▶ **What this task involves**: Please transcribe the entries that follow exactly as they stand, skipping each picture.

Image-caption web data

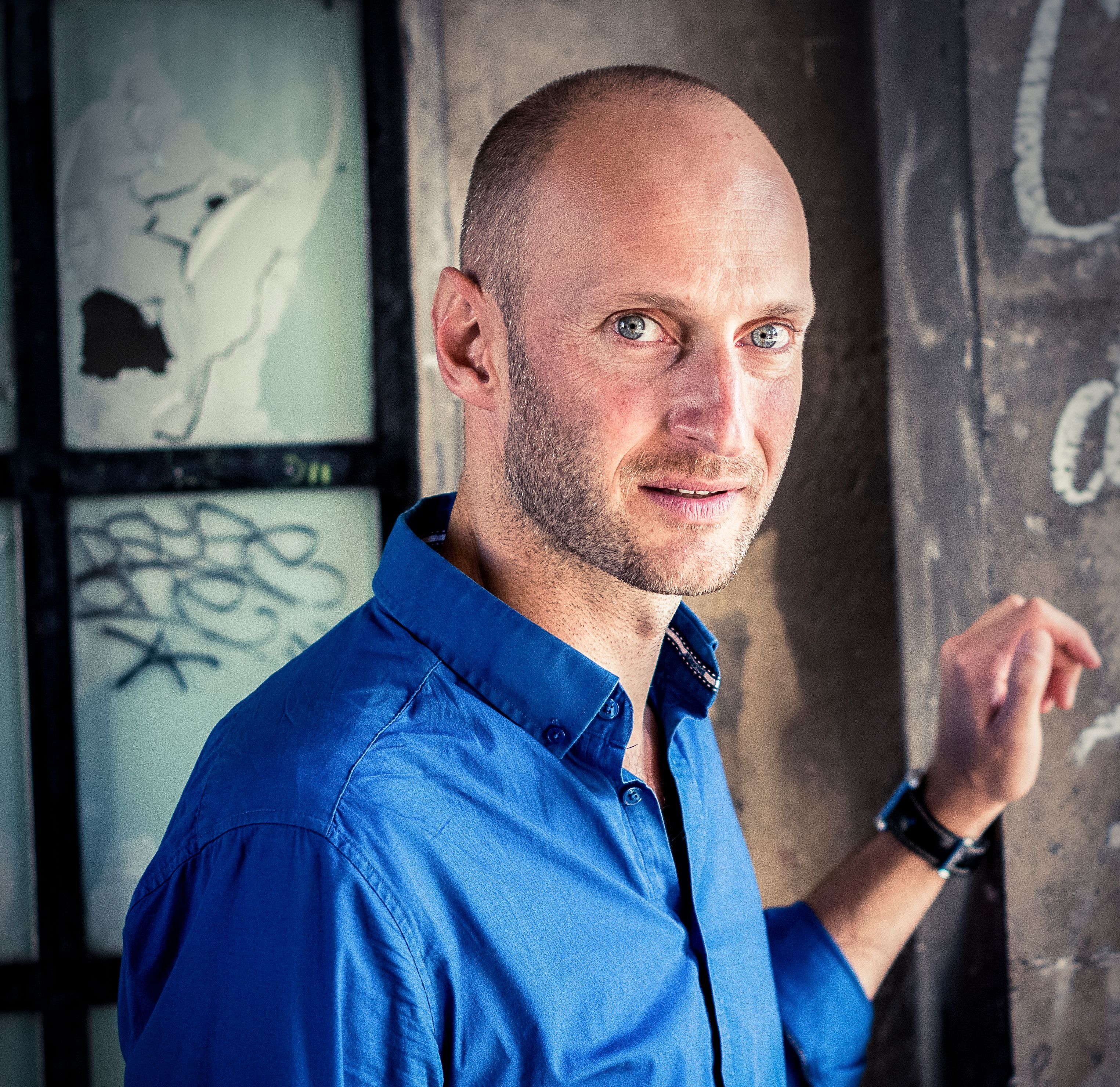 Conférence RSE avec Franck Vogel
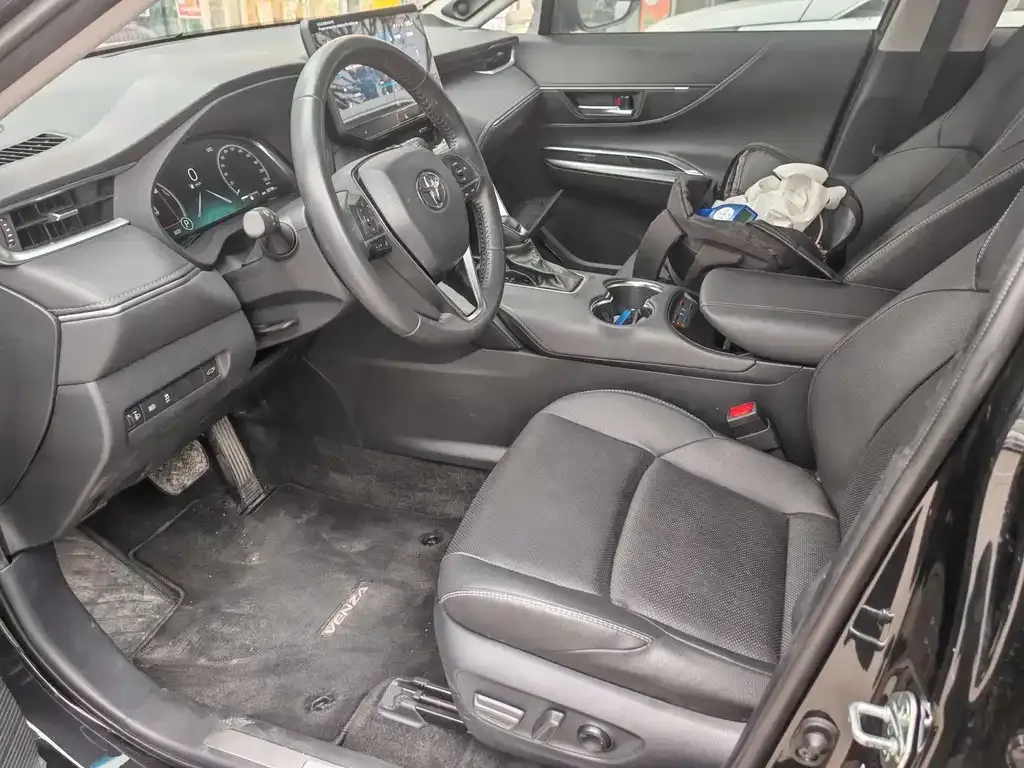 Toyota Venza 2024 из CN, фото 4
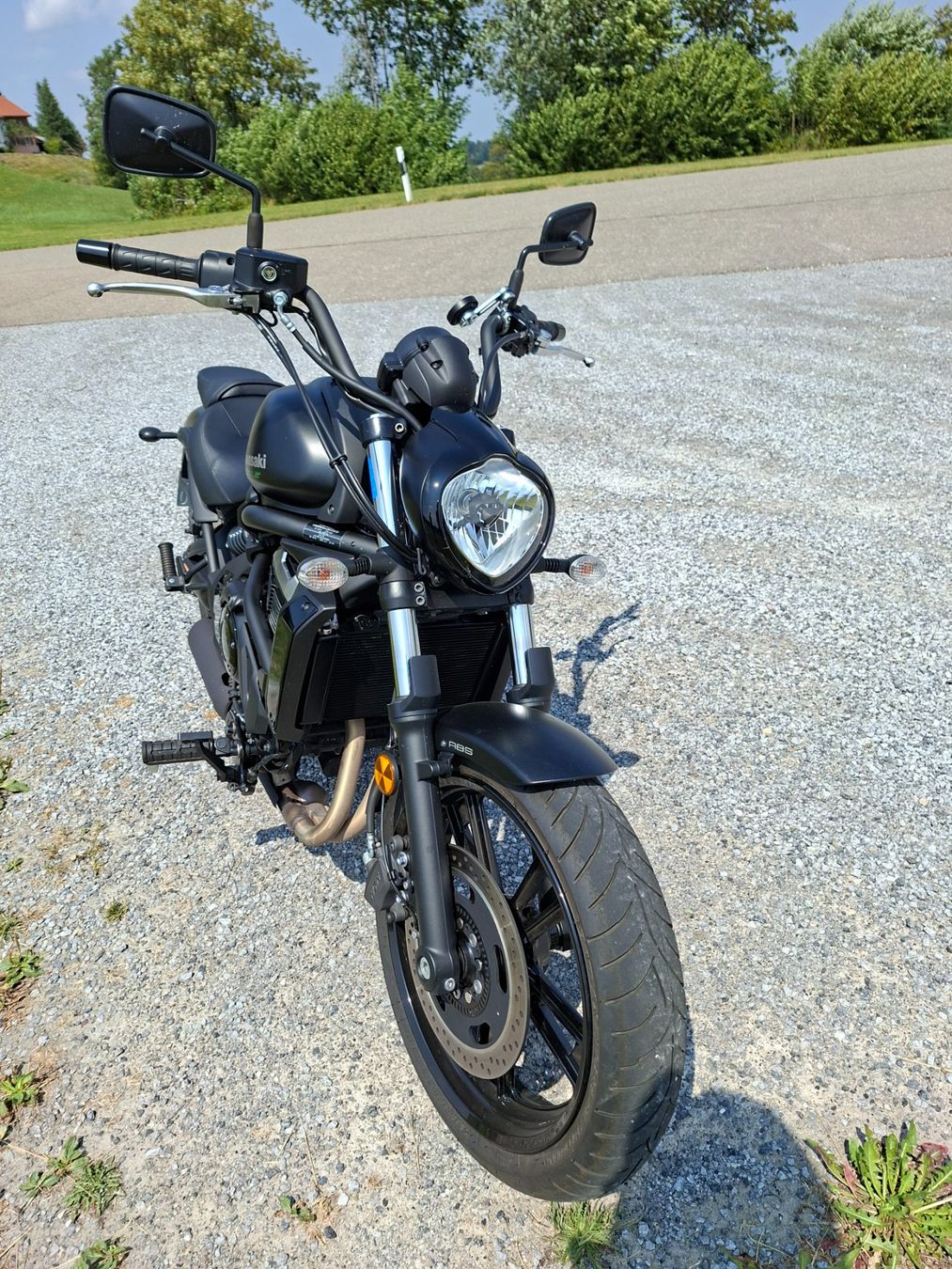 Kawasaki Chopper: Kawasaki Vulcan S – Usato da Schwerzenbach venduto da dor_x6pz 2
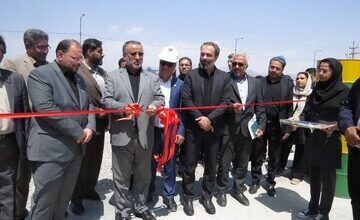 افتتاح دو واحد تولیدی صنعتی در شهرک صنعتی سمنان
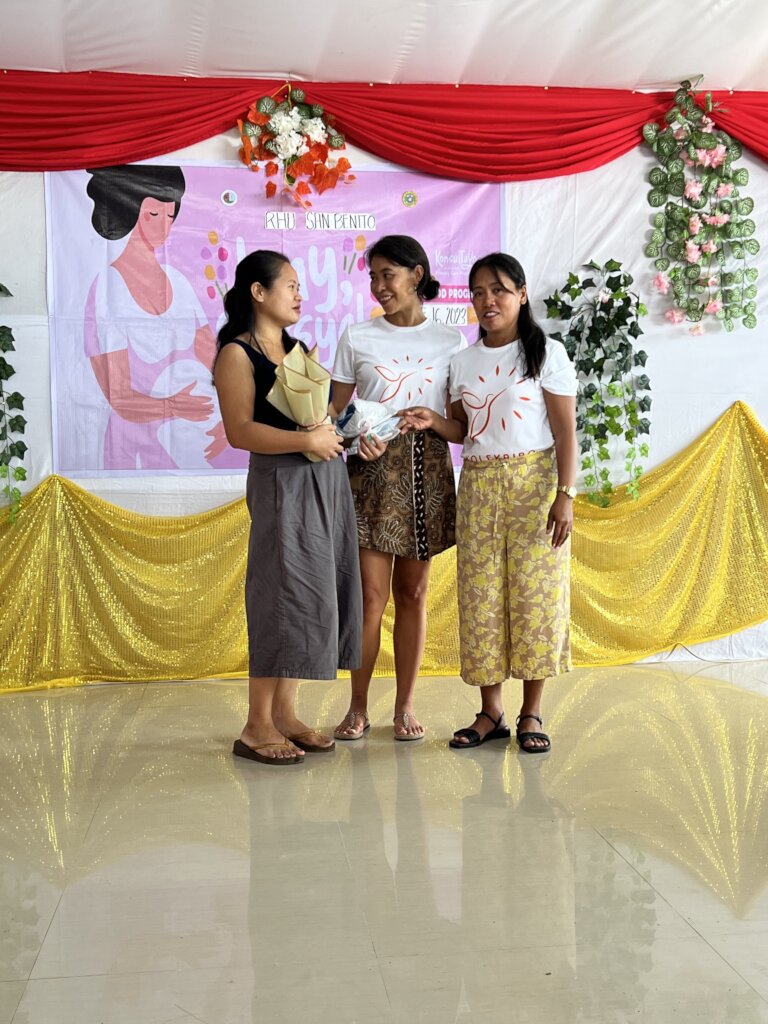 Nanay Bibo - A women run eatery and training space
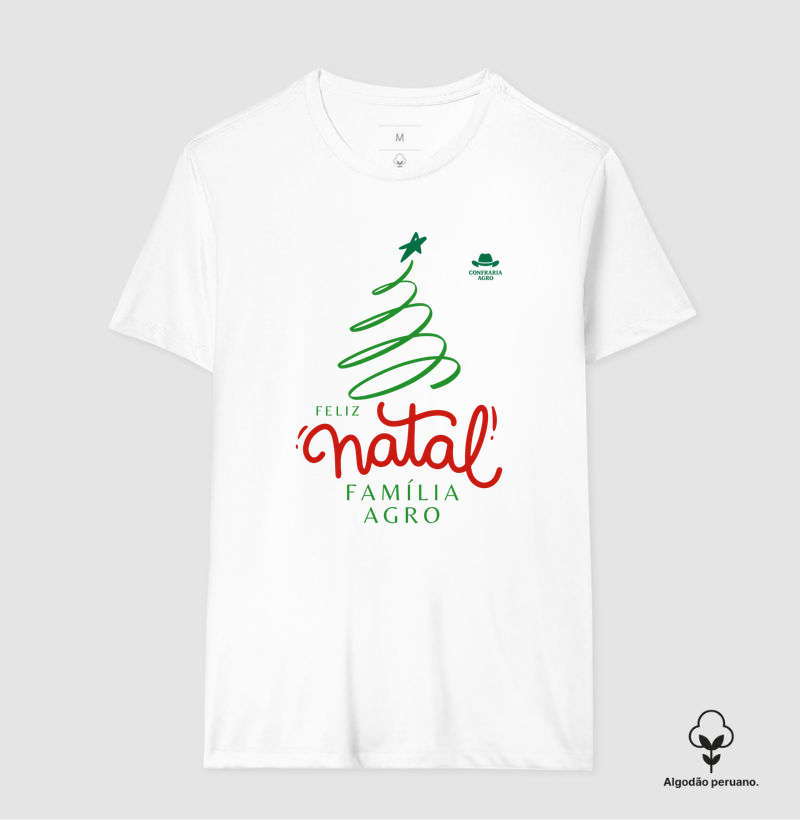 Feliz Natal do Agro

▶ **Answer below**:
 Conférence RSE avec Franck Vogel
 Toyota Venza 2024 из CN, фото 4
 Kawasaki Chopper: Kawasaki Vulcan S – Usato da Schwerzenbach venduto da dor_x6pz 2
 افتتاح دو واحد تولیدی صنعتی در شهرک صنعتی سمنان
 Nanay Bibo - A women run eatery and training space
 Feliz Natal do Agro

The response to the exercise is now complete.